# [CLOSED] Visit Utopia 🐟🐟



## michealsmells (Mar 26, 2020)

* HELLO EVERYONE !! *

*My discord is also in my signature if you find it easier to DM me through there.

I've decided to open up my island quite often for people to come visit, so I'm making this thread a little bit more professional. There's going to be more offered now than just Coelacanth catching, though that'll be the main reason why I open up my island. Everything will be under spoilers to eliminate clutter, but I urge you to read through all of what I've written down before you reply.

My town will be open to all through Dodo Code, though I will only send the code if you PM me with your island name and villager name. There's been an exceptional amount of guests coming in or people who don't post that they're coming when they do, and to iron things out and make sure that everyone is genuine, I'll be only sending the code through PM from now on. So sorry for the inconvenience!
When doing turnip sales, I will let people in one at a time. When simply opening up my island for folks to come play, I'll be accepting the max at a time. Please don't enter and leave often, I want to keep this streamlined!!



Spoiler: Rules



 Only pick up shells/fruit/weeds/flowers if you've been given permission
 Please don't send Best Friends requests first
 Tell me if you're donating anything to my box
 Ask first when purchasing from Nook's Cranny (specifically one-purchase items)
 Don't beg for tools/bait.
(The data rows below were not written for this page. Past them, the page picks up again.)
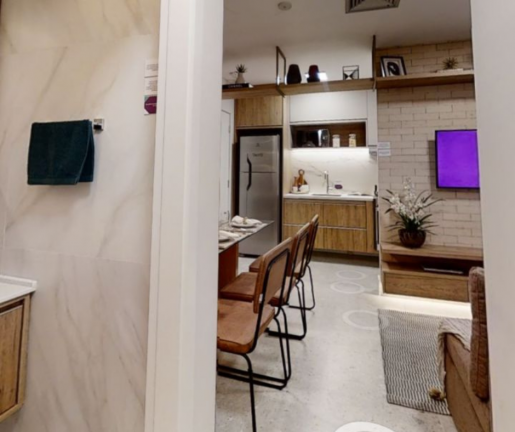 Imagem Apartamento com 2 Quartos à Venda, 40 m² em Tatuapé - São Paulo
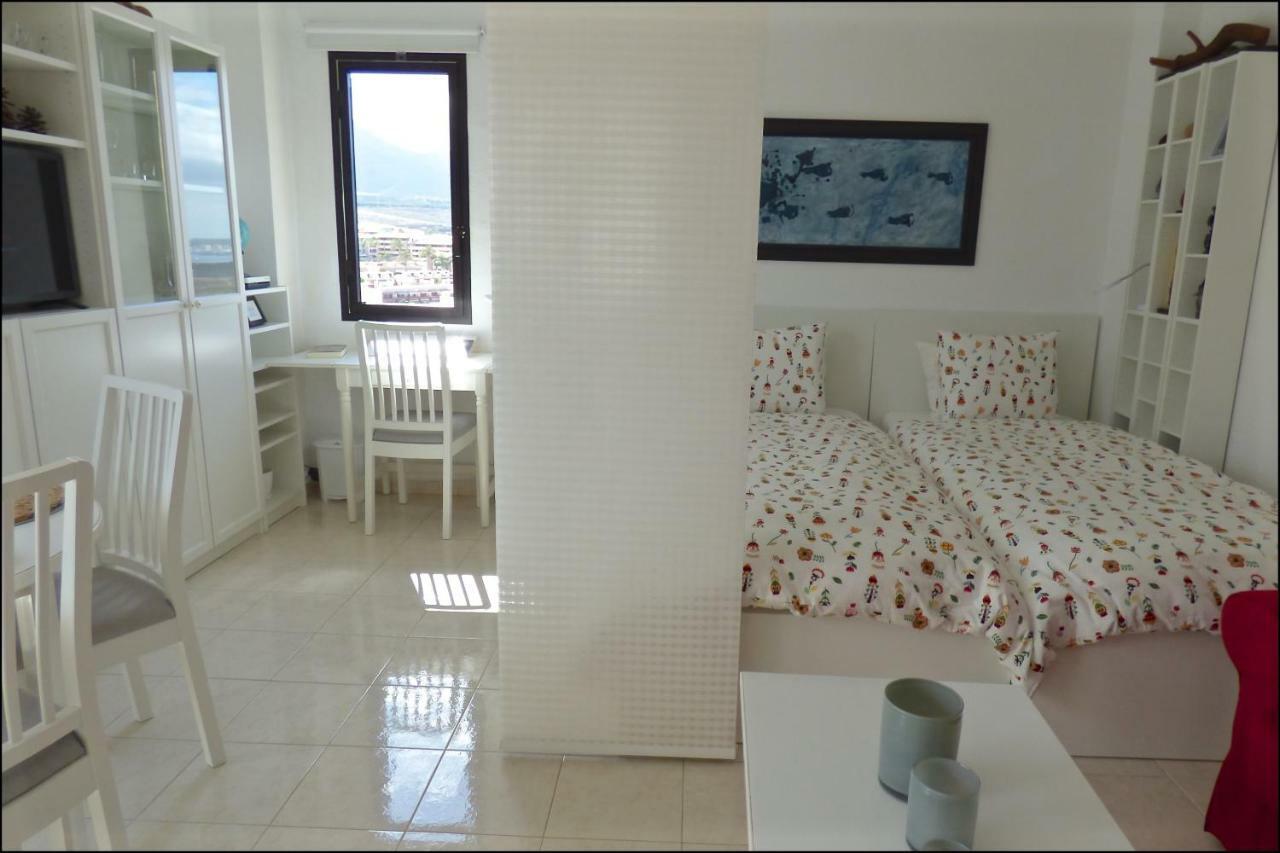 Estudio Con Vistas Panoramicas Sunrise-Sunset Appartement Playa Paraiso  Buitenkant foto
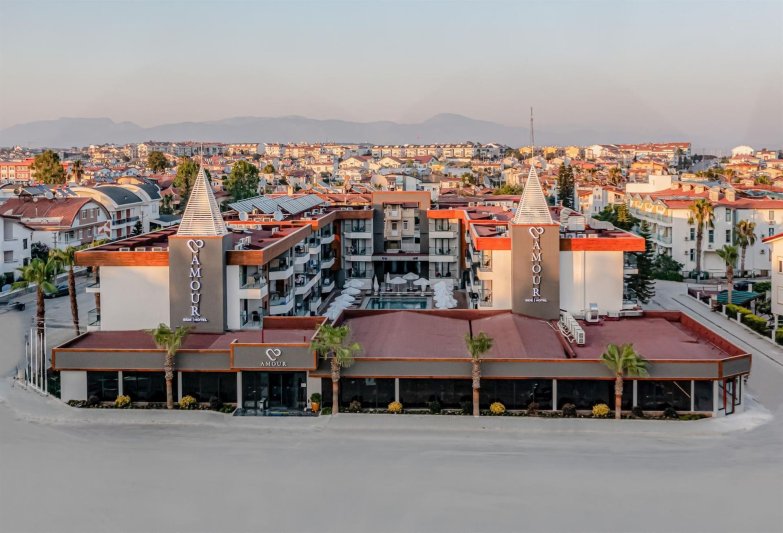 Side utazás Side Amour Hotel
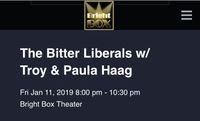 Bitter Liberals w/Troy & Paula Haag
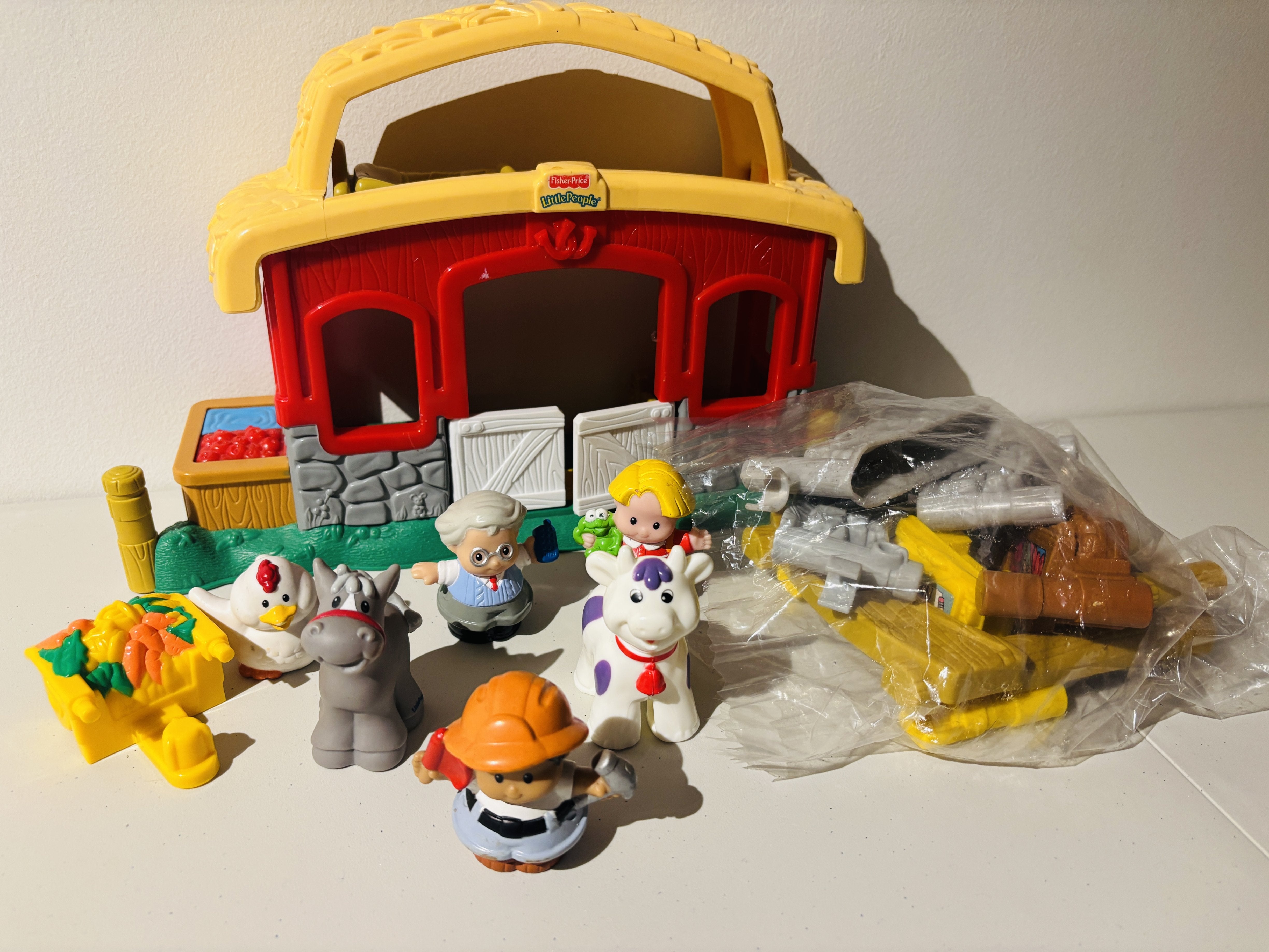 Fisher-Price Little People bondegård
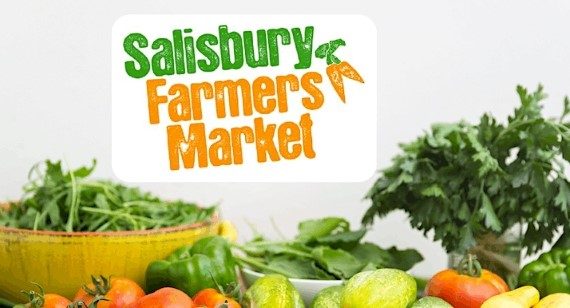 Salisbury Farmers Market at Sherwood Park each Thursday at 4 PM | Salisbury Greenhouse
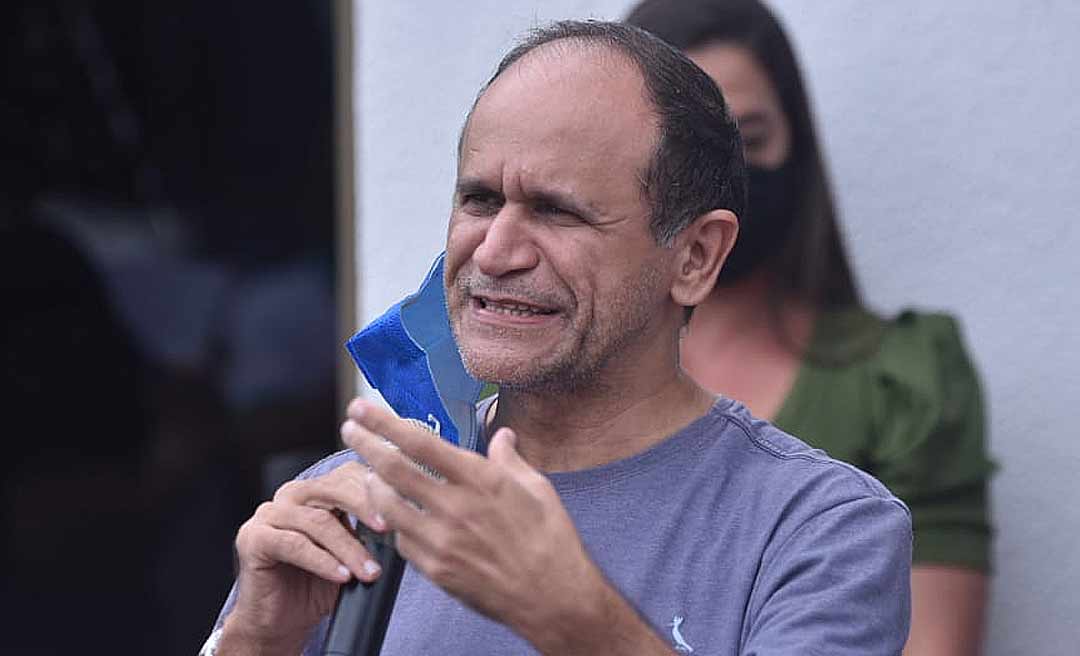 Moisés Diniz sai em defesa de Bocalom e diz que Frank Lima já está sendo investigado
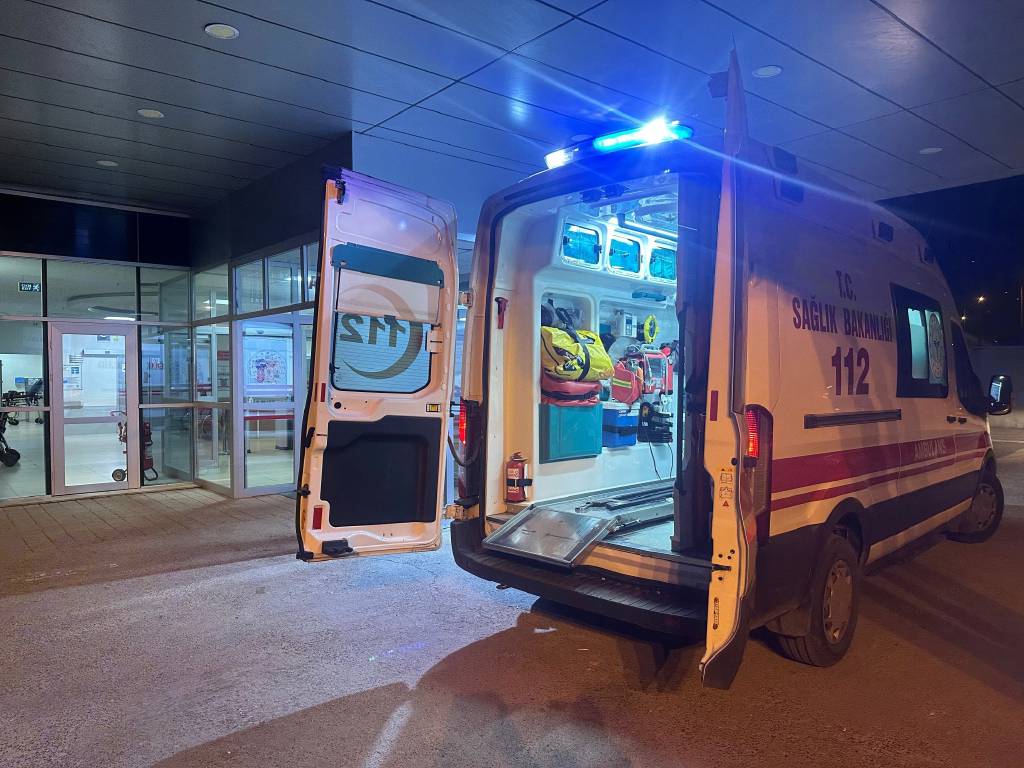 Tekirdağ’da cani baba, 2 yaşındaki çocuğunu darbetti! Biri yoğun bakımda, diğeri hapiste…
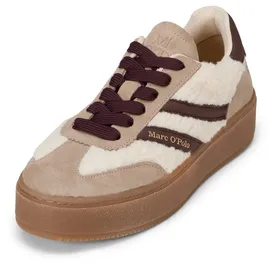 Marc O'Polo Sneaker Damen Beige 38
Although I offer them, they take a lot of time/materials to make.





Spoiler: Major Rules



 Harassing other players through foul language/scaring away fish and insects/shoving and generally being annoying, especially when asked to stop is all strictly off limits
 Do not break several rules without good cause
 Taking from the Donations Box is prohibited unless you're editing your own donation
 No hacking/exploits or items received from exploits (like item or bell duplication)
 Quickly drop items if you're cataloging, don't steal



I'll be offering a variety of things when you come to my town! Pay close mind to the list below to see what my town has to offer on any given day. Be mindful that I will only update the list on days I'm opening my town, so information will be outdated if my island is closed to the public. Turnip Prices are also always subject to change, but I will try to update them quickly.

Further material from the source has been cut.